■ RECORDED INFORMATION ■
□ □ □ □

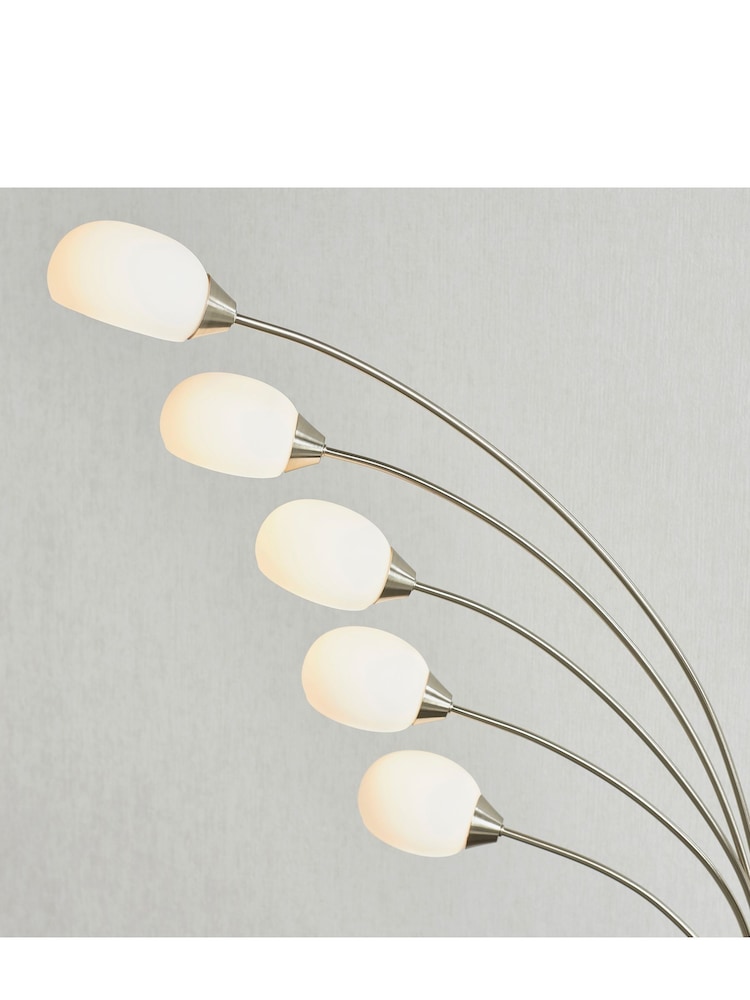Gallery Home Silver James 5 Bulb Floor Lamp - Image 6 of 6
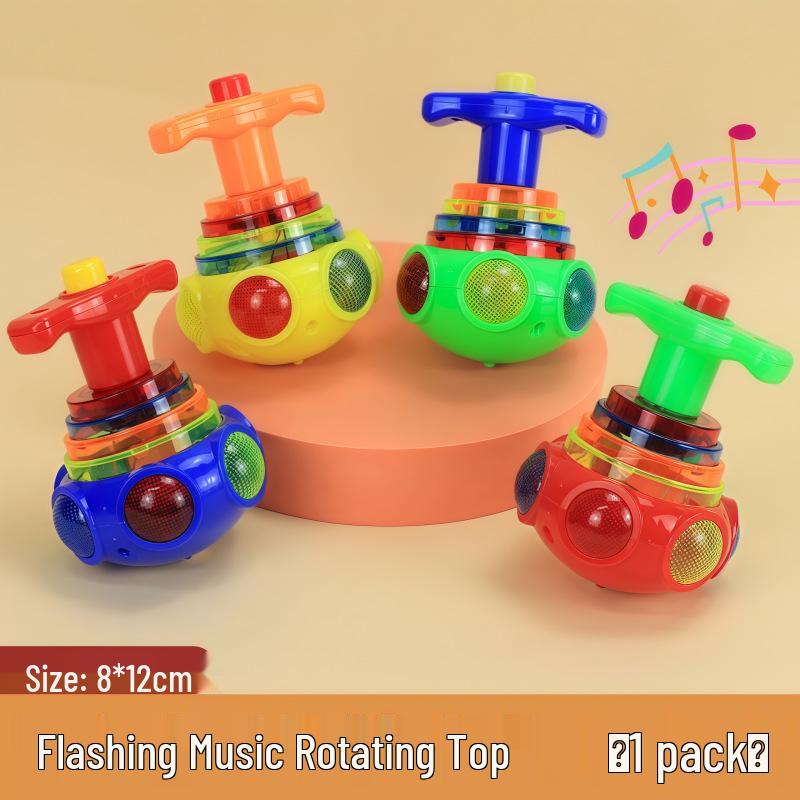 Детская музыкальная юла со световыми эффектами – Светящаяся игрушка для улицы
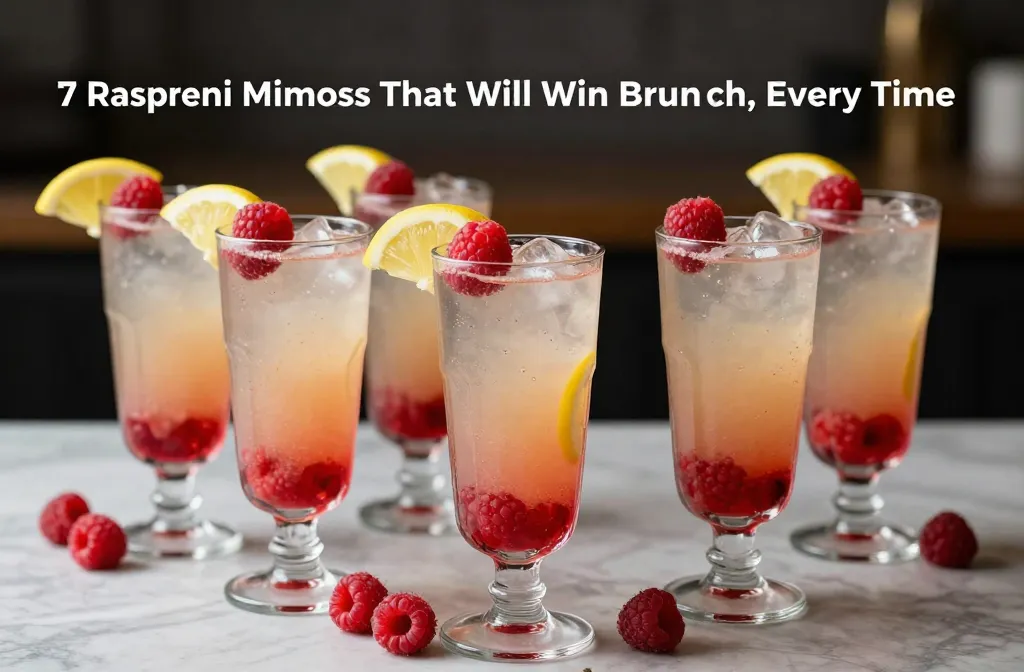 7 Raspberry Lemon Mimosas That Will Win Brunch, Every Time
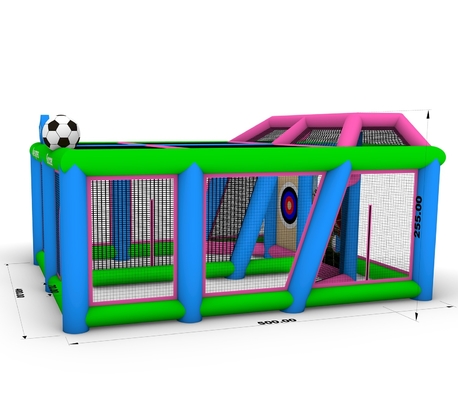 Jeu de sports gonflables Jeu de lancer des cibles Jeu de cible de fléchettes Jeu gonflables de bulles Événements de football Cour de but
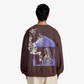 F A R A K | RAAT AKELI HAI BLOCKPRINTED SWEATSHIRT { BROWN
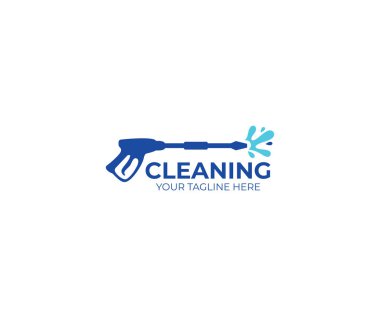 Pressure washing logo template. Cleaning vector design. Tools illustration clipart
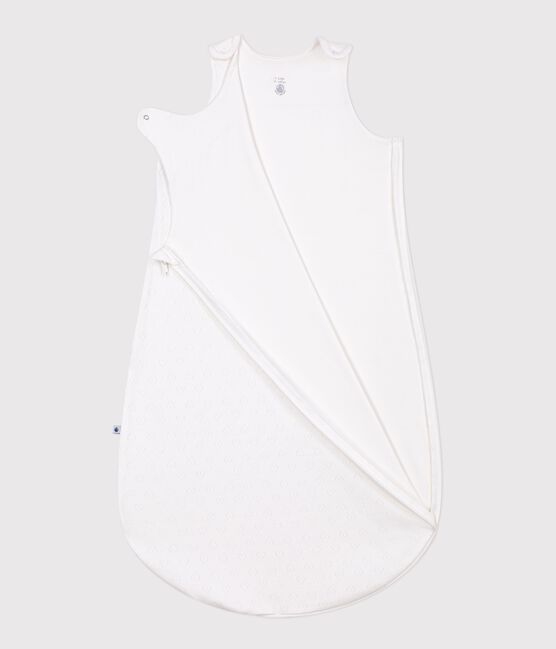 Babyschlafsack aus Baumwolle mit Lochstickerei in Herzform TOG-Wert 0,5 weiss MARSHMALLOW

□ □ □ □

■ WHAT THE TASK REQUIRES ■
Every line from the one with "Детская музыкальная юла" through the last line of the listing above must be written out exactly, and no picture may appear.

■ RESULT FOR THIS EXERCISE ■
 Детская музыкальная юла со световыми эффектами – Светящаяся игрушка для улицы
 7 Raspberry Lemon Mimosas That Will Win Brunch, Every Time
 Jeu de sports gonflables Jeu de lancer des cibles Jeu de cible de fléchettes Jeu gonflables de bulles Événements de football Cour de but
 F A R A K | RAAT AKELI HAI BLOCKPRINTED SWEATSHIRT { BROWN
 Pressure washing logo template. Cleaning vector design. Tools illustration clipart
 Babyschlafsack aus Baumwolle mit Lochstickerei in Herzform TOG-Wert 0,5 weiss MARSHMALLOW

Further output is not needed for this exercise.